Sule v. State

968 So. 2d 99, 2007 WL 4121004
CourtDistrict Court of Appeal of Florida
DecidedNovember 21, 2007
Docket4D06-2194
StatusPublished
Cited by9 cases

This text of 968 So. 2d 99 (Sule v. State) is published on Counsel Stack Legal Research, covering District Court of Appeal of Florida primary law. Counsel Stack provides free access to over 12 million legal documents including statutes, case law, regulations, and constitutions.

Bluebook
Sule v.

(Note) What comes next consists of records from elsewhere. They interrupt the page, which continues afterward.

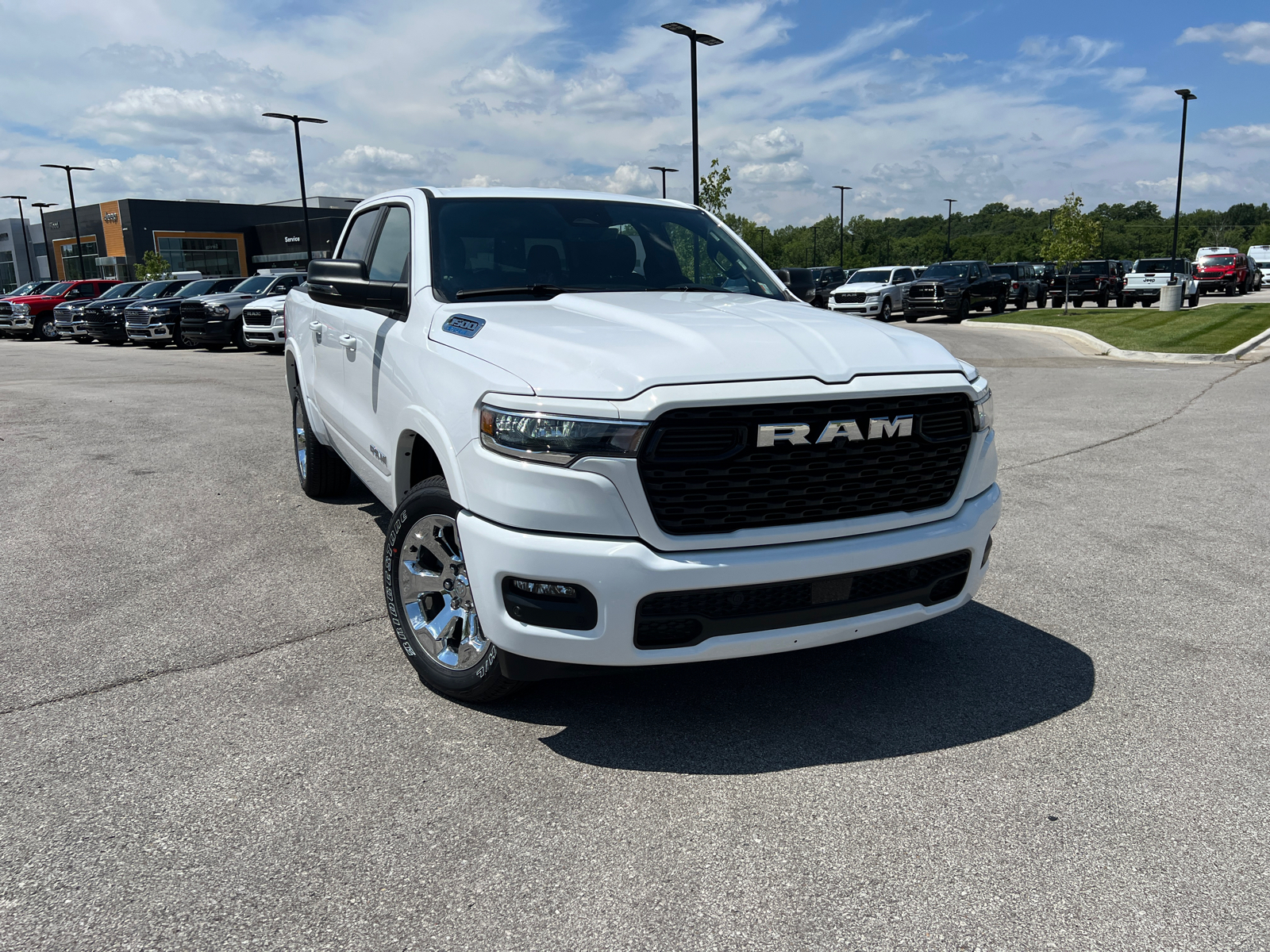 2025 Ram 1500 Big Horn 4x4 Crew Cab 57 Box 2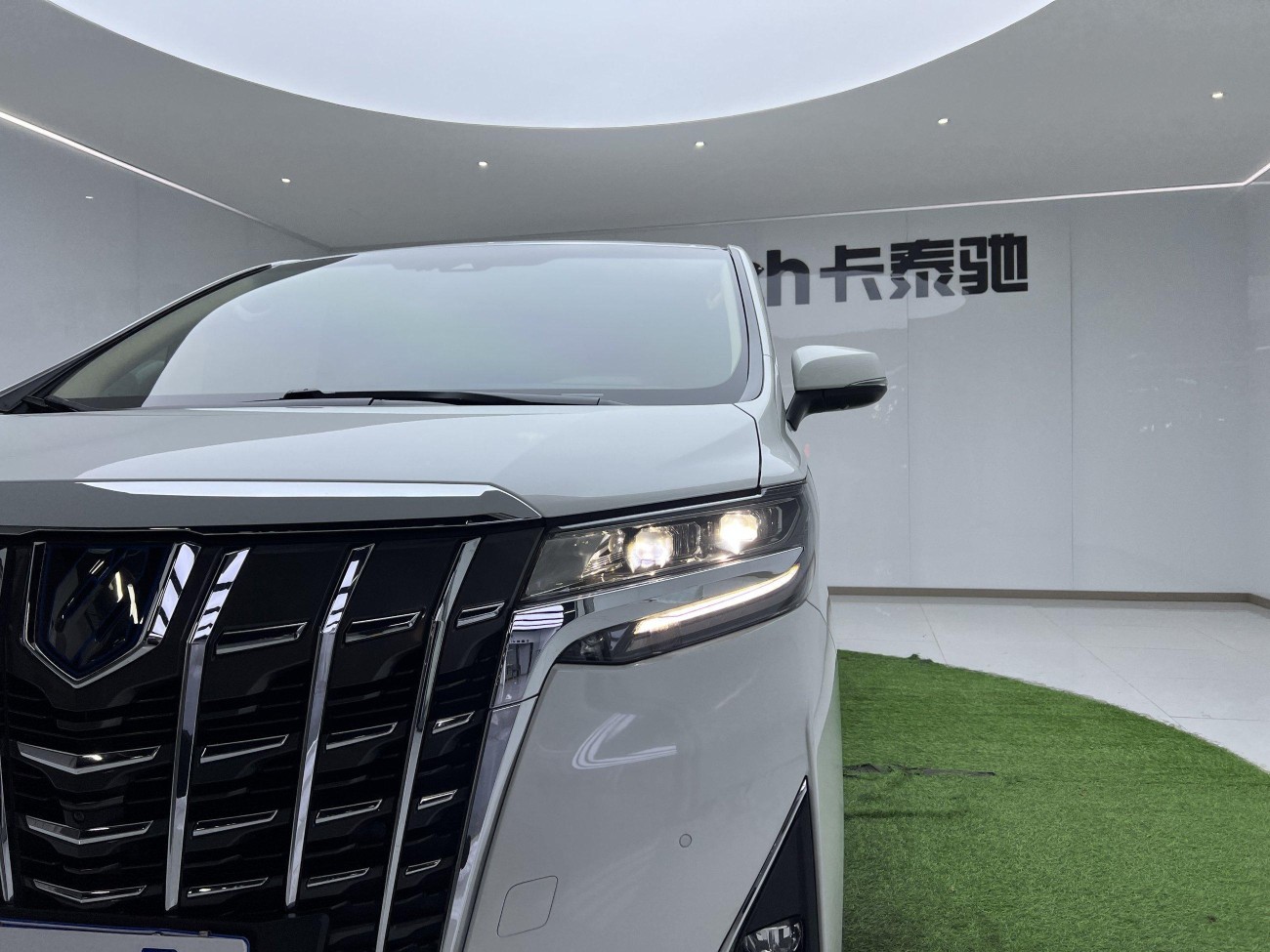 Toyota Alphard 2022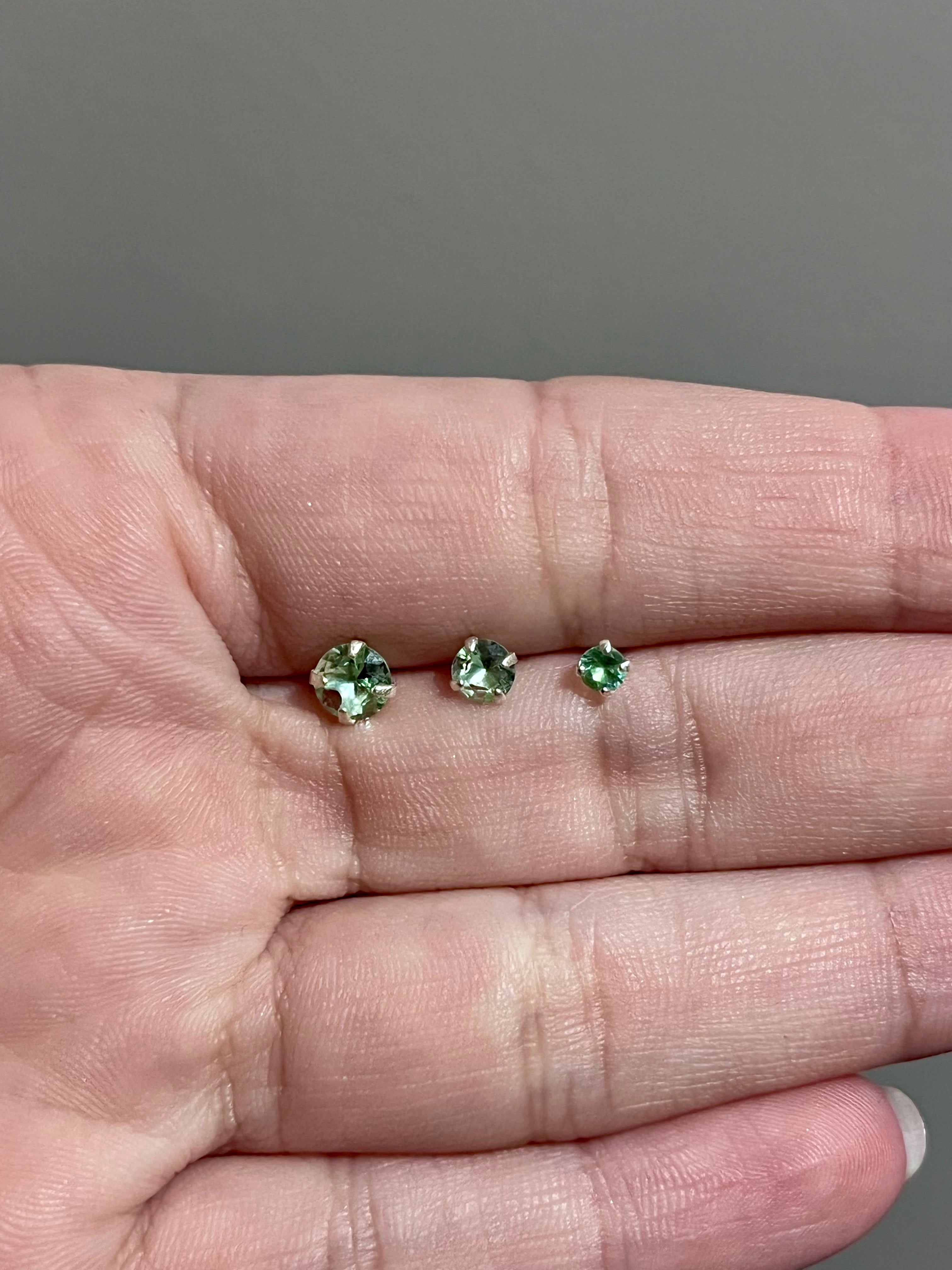 Trio de Brincos Ponto de Luz em Prata 925 com Zircônia Verde Claro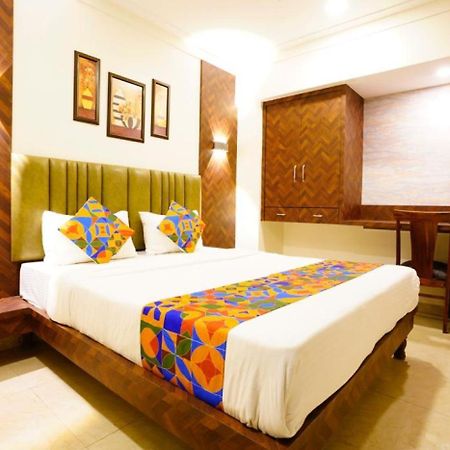 Hotel Diamora Residency ターネー エクステリア 写真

State, 968 So. 2d 99, 2007 WL 4121004 (Fla. Ct. App. 2007).

Opinion

968 So.2d 99 (2007)

Coleman Fred SULE, Appellant,
v.
STATE of Florida, Appellee.

No. 4D06-2194.

District Court of Appeal of Florida, Fourth District.

November 21, 2007.

*100 Carey Haughwout, Public Defender, and Anthony Calvello, Assistant Public Defender, West Palm Beach, for appellant.

Bill McCollum, Attorney General, Tallahassee, and Laura Fisher Zibura, Assistant Attorney General, West Palm Beach, for appellee.

WARNER, J.

Appealing his multiple convictions arising from the murder of his ex-girlfriend as well as solicitation to murder her neighbor whom he attempted to frame for the murder, appellant makes multiple claims of trial court error. We affirm as to all issues and address two in detail. In the first, we hold that the trial court did not err in denying a motion to sever the murder charges from charges of solicitation to murder. As to the second, we hold that the trial court did not abuse its discretion in excluding a defense witness, because the witness sought to invoke his Fifth Amendment privilege on material issues.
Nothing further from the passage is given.